[Input records — start]

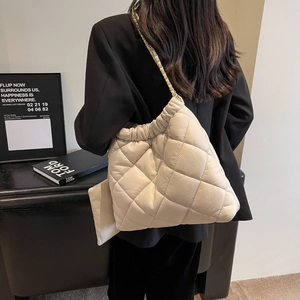 Detail of oversized quilted tote bag with drawstring closure and chain strap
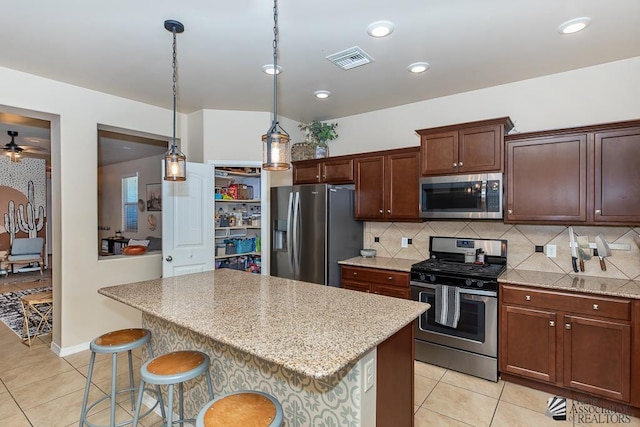 6588 E 35th Pl, Yuma, AZ 85365 - kitchen featuring stainless steel appliances, tasteful backsplash, light tile patterned floors, and recessed lighting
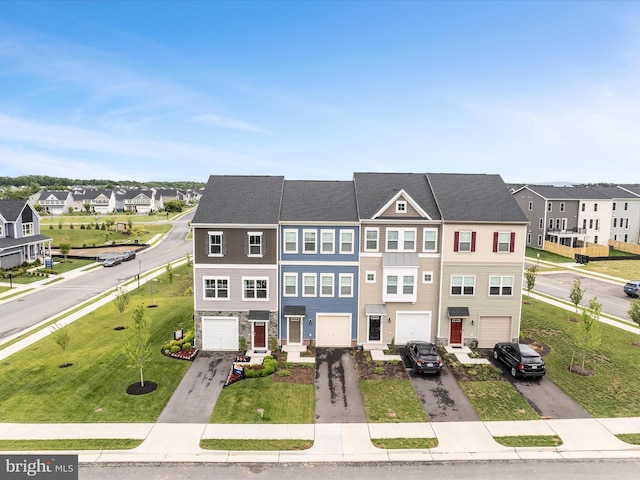 113 Heyford Dr, Stephenson, VA 22656 - multi unit property featuring a garage, driveway, a residential view, and a front lawn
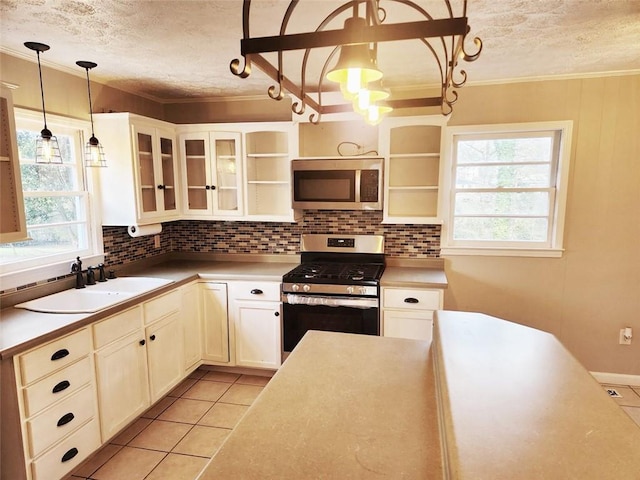 kitchen featuring decorative light fixtures, stainless steel appliances, a healthy amount of sunlight, and sink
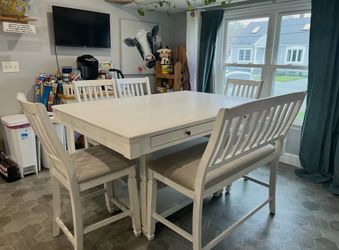 Cardi's furniture counter height dining set - table with four chairs and a bench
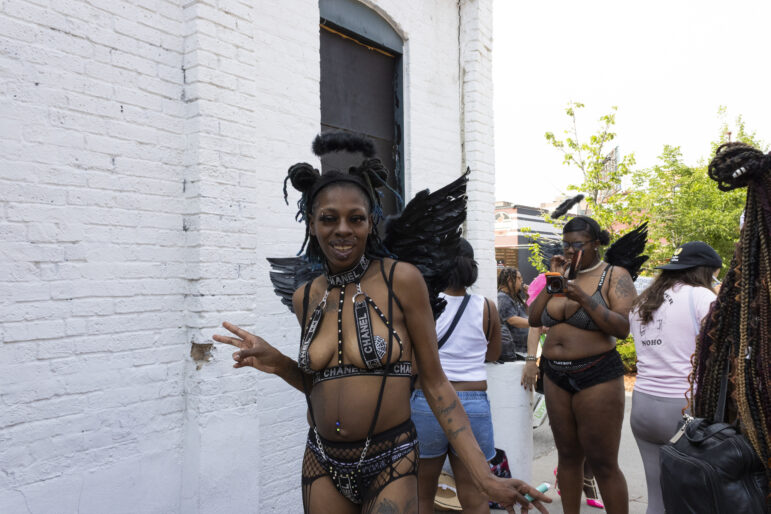 Lexi Collins, a local labor organizer, wears black feathered angel wings and throws a peace sign.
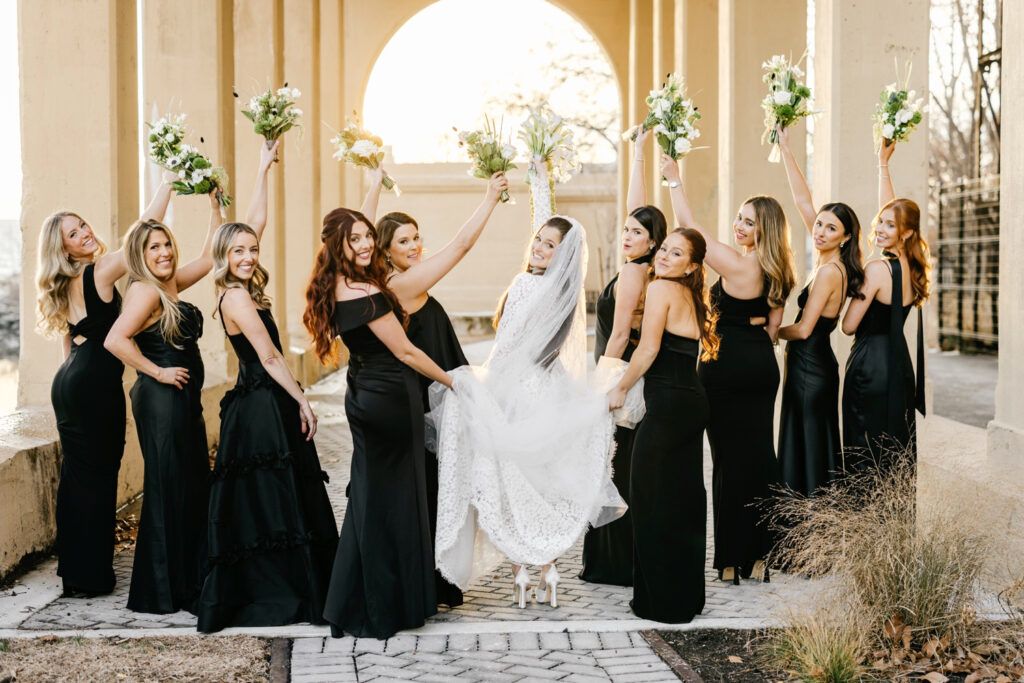 Philadelphia bride with her bridesmaids in black bridesmaid dresses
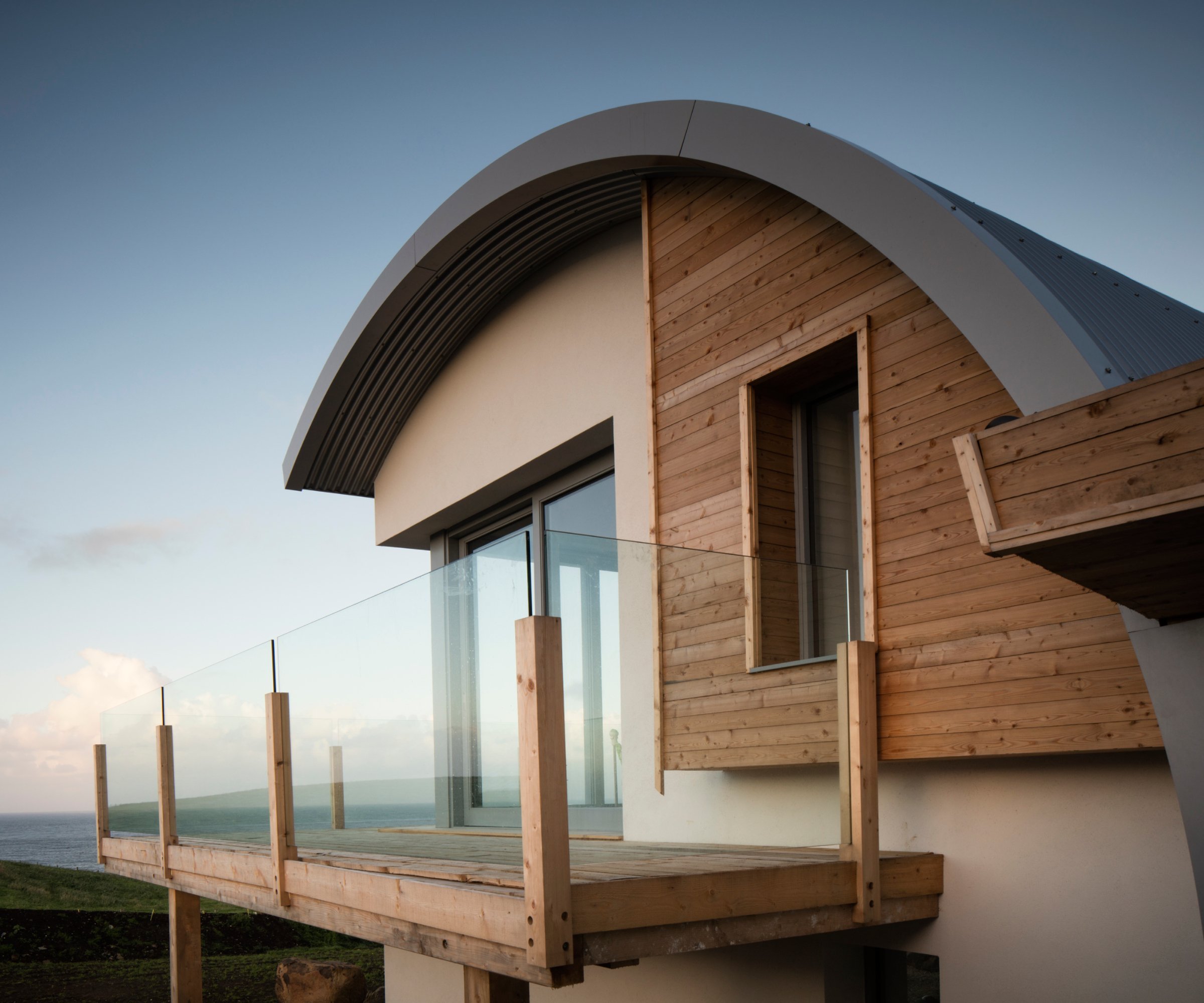 exterior of extension with curved metal roof, render and timber cladding on walls and balcony with timber and glass balustrade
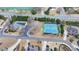 This aerial view shows the tennis courts, a pool, and a parking lot, all within a short distance of residential homes at 5340 Cole Creek Ln, Cumming, GA 30040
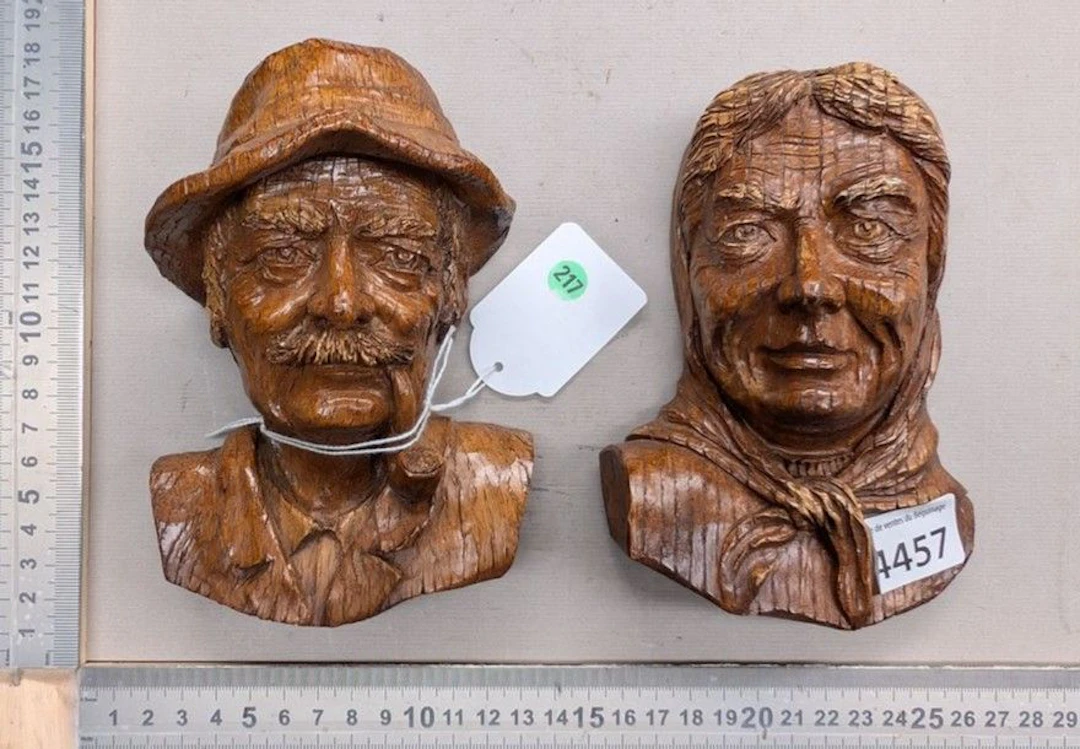 2 carved wooden busts of a couple—see photos for dimensions and condition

[Input records — finish]

#### [Task]
When you reach the line that contains "This aerial view" in the records above, copy it and every line after it exactly through the last one, leaving out the pictures.

#### [Exercise response]
 This aerial view shows the tennis courts, a pool, and a parking lot, all within a short distance of residential homes at 5340 Cole Creek Ln, Cumming, GA 30040
 2 carved wooden busts of a couple—see photos for dimensions and condition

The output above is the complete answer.